The problem
Print the data below exactly, but only the lines from the one containing "New Chemistry Lab" down to the one containing "Lucas - Luxury With Parking Makarska", inclusive.

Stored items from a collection
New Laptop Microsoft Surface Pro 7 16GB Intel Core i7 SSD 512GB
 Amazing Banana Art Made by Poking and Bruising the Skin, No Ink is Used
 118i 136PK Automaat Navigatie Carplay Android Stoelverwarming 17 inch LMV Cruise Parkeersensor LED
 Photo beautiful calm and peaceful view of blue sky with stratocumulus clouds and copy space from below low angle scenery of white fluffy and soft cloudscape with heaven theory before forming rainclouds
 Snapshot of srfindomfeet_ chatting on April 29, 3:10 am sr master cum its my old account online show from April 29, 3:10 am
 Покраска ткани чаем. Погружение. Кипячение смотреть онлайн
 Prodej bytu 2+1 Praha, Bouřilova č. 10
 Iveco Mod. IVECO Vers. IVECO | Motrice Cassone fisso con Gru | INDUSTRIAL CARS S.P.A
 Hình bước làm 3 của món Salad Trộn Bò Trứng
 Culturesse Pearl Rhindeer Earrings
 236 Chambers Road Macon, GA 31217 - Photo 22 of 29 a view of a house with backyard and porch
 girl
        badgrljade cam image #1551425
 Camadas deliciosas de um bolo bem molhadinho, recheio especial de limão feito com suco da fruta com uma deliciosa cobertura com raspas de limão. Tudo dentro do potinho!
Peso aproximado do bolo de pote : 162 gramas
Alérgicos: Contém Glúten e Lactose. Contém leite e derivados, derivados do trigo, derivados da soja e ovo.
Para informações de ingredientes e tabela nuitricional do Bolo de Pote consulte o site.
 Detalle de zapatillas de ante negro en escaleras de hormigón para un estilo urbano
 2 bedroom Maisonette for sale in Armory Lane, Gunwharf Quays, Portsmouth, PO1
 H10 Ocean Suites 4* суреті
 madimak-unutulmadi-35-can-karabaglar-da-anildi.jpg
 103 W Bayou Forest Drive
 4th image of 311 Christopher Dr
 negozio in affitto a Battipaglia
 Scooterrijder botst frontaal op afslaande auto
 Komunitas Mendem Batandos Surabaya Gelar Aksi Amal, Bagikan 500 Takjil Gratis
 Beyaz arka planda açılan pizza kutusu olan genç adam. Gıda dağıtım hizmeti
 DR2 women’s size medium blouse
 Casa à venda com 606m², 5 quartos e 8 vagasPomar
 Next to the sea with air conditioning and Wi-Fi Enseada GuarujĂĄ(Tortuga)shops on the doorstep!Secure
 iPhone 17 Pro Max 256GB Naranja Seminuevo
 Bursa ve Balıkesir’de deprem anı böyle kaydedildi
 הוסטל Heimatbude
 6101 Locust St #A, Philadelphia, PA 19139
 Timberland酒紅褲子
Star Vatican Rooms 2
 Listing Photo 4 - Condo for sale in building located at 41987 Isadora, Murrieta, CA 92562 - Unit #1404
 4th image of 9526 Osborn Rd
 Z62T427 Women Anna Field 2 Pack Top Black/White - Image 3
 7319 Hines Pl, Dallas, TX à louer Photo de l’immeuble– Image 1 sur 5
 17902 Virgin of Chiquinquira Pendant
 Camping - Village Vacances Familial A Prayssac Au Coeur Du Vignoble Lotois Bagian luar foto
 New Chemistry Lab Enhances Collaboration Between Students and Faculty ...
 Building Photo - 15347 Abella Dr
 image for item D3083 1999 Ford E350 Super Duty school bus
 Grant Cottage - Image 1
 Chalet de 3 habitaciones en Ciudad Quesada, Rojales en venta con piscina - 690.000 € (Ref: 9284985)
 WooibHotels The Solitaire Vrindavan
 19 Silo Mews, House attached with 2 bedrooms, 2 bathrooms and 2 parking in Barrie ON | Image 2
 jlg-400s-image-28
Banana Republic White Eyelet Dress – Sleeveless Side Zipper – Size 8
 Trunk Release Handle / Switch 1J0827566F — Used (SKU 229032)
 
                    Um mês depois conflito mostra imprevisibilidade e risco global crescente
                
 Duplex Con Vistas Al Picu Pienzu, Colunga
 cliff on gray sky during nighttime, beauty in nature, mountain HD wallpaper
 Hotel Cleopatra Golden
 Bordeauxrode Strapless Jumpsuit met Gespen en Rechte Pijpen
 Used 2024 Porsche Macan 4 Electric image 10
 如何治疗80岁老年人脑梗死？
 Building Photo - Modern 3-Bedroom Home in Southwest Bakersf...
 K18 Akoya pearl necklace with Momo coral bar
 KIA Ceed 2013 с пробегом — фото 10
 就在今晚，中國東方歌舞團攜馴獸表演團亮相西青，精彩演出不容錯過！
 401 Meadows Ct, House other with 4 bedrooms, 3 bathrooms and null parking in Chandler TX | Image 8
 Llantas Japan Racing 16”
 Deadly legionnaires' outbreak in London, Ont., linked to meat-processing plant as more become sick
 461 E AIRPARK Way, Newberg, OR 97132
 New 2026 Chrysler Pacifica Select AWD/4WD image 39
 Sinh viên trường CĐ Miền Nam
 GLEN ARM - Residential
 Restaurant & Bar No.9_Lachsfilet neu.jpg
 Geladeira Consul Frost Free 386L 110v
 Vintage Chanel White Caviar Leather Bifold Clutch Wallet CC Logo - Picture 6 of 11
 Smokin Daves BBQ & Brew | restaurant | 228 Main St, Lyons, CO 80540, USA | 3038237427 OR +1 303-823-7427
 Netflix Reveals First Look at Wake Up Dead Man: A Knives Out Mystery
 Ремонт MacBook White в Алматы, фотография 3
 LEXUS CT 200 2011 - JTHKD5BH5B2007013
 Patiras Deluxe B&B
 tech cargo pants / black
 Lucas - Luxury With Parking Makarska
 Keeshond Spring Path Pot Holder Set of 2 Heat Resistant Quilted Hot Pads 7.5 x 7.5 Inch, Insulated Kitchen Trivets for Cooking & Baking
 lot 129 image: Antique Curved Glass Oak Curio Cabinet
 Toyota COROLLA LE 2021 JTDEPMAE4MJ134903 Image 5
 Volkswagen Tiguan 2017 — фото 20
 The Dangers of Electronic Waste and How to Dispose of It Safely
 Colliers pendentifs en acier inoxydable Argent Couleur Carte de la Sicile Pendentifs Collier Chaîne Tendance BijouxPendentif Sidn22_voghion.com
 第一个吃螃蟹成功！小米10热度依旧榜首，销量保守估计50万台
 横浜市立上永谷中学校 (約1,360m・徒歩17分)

Written answer
 New Chemistry Lab Enhances Collaboration Between Students and Faculty ...
 Building Photo - 15347 Abella Dr
 image for item D3083 1999 Ford E350 Super Duty school bus
 Grant Cottage - Image 1
 Chalet de 3 habitaciones en Ciudad Quesada, Rojales en venta con piscina - 690.000 € (Ref: 9284985)
 WooibHotels The Solitaire Vrindavan
 19 Silo Mews, House attached with 2 bedrooms, 2 bathrooms and 2 parking in Barrie ON | Image 2
 jlg-400s-image-28
Banana Republic White Eyelet Dress – Sleeveless Side Zipper – Size 8
 Trunk Release Handle / Switch 1J0827566F — Used (SKU 229032)
 
                    Um mês depois conflito mostra imprevisibilidade e risco global crescente
                
 Duplex Con Vistas Al Picu Pienzu, Colunga
 cliff on gray sky during nighttime, beauty in nature, mountain HD wallpaper
 Hotel Cleopatra Golden
 Bordeauxrode Strapless Jumpsuit met Gespen en Rechte Pijpen
 Used 2024 Porsche Macan 4 Electric image 10
 如何治疗80岁老年人脑梗死？
 Building Photo - Modern 3-Bedroom Home in Southwest Bakersf...
 K18 Akoya pearl necklace with Momo coral bar
 KIA Ceed 2013 с пробегом — фото 10
 就在今晚，中國東方歌舞團攜馴獸表演團亮相西青，精彩演出不容錯過！
 401 Meadows Ct, House other with 4 bedrooms, 3 bathrooms and null parking in Chandler TX | Image 8
 Llantas Japan Racing 16”
 Deadly legionnaires' outbreak in London, Ont., linked to meat-processing plant as more become sick
 461 E AIRPARK Way, Newberg, OR 97132
 New 2026 Chrysler Pacifica Select AWD/4WD image 39
 Sinh viên trường CĐ Miền Nam
 GLEN ARM - Residential
 Restaurant & Bar No.9_Lachsfilet neu.jpg
 Geladeira Consul Frost Free 386L 110v
 Vintage Chanel White Caviar Leather Bifold Clutch Wallet CC Logo - Picture 6 of 11
 Smokin Daves BBQ & Brew | restaurant | 228 Main St, Lyons, CO 80540, USA | 3038237427 OR +1 303-823-7427
 Netflix Reveals First Look at Wake Up Dead Man: A Knives Out Mystery
 Ремонт MacBook White в Алматы, фотография 3
 LEXUS CT 200 2011 - JTHKD5BH5B2007013
 Patiras Deluxe B&B
 tech cargo pants / black
 Lucas - Luxury With Parking Makarska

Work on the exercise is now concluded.